→ TO DO
All of the data should be reproduced word for word, though its pictures must be omitted.

→ DATA TO EXAMINE
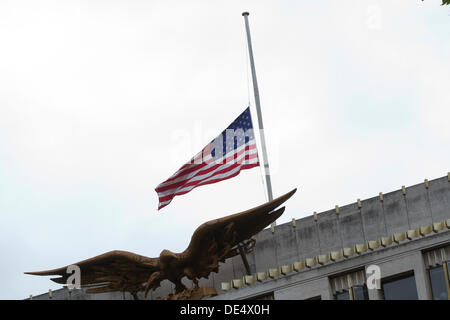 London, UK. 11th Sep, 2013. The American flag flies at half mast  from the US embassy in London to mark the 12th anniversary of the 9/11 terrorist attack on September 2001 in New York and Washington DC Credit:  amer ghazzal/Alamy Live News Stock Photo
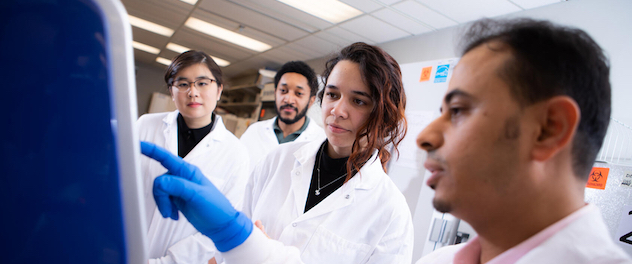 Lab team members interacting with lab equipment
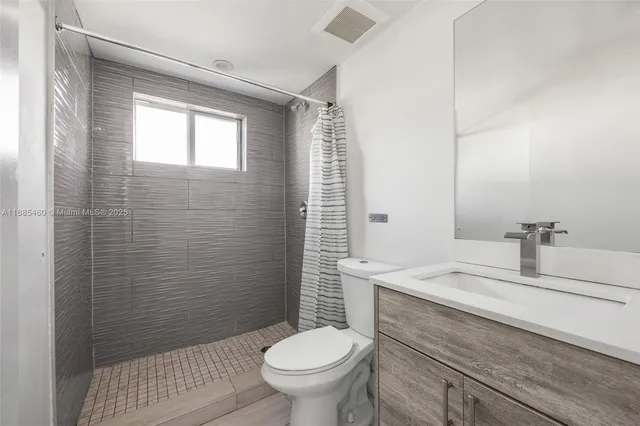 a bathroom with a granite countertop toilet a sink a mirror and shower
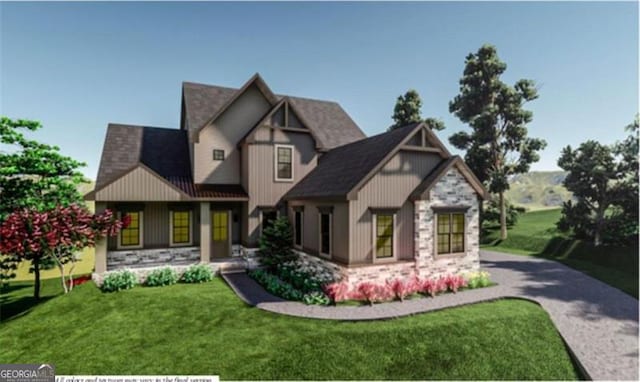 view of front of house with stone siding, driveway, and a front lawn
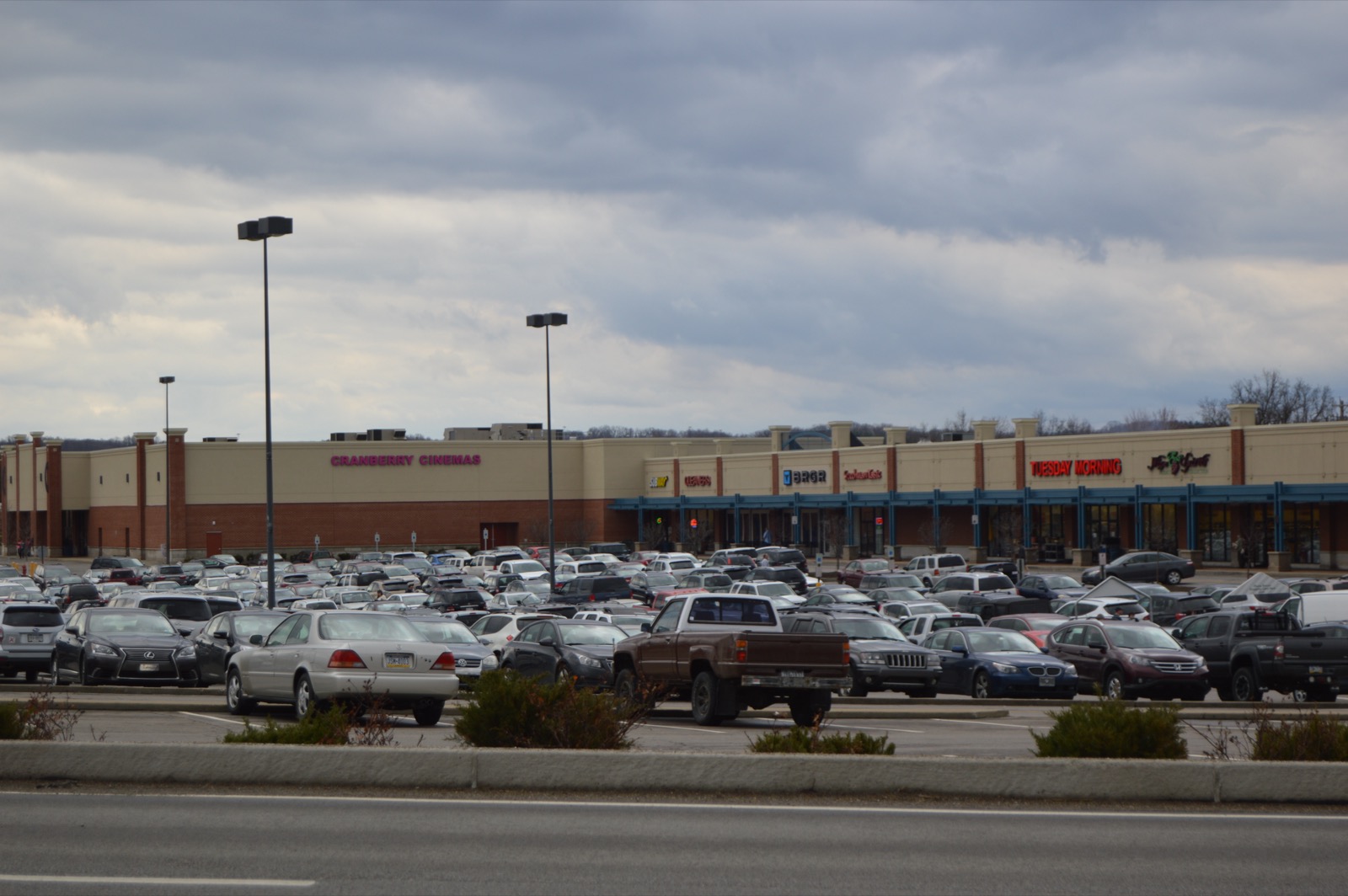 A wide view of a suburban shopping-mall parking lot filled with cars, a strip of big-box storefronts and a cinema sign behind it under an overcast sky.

→ RESPONSE FOR THIS EXERCISE
 London, UK. 11th Sep, 2013. The American flag flies at half mast  from the US embassy in London to mark the 12th anniversary of the 9/11 terrorist attack on September 2001 in New York and Washington DC Credit:  amer ghazzal/Alamy Live News Stock Photo
 Lab team members interacting with lab equipment
 a bathroom with a granite countertop toilet a sink a mirror and shower
 view of front of house with stone siding, driveway, and a front lawn
 A wide view of a suburban shopping-mall parking lot filled with cars, a strip of big-box storefronts and a cinema sign behind it under an overcast sky.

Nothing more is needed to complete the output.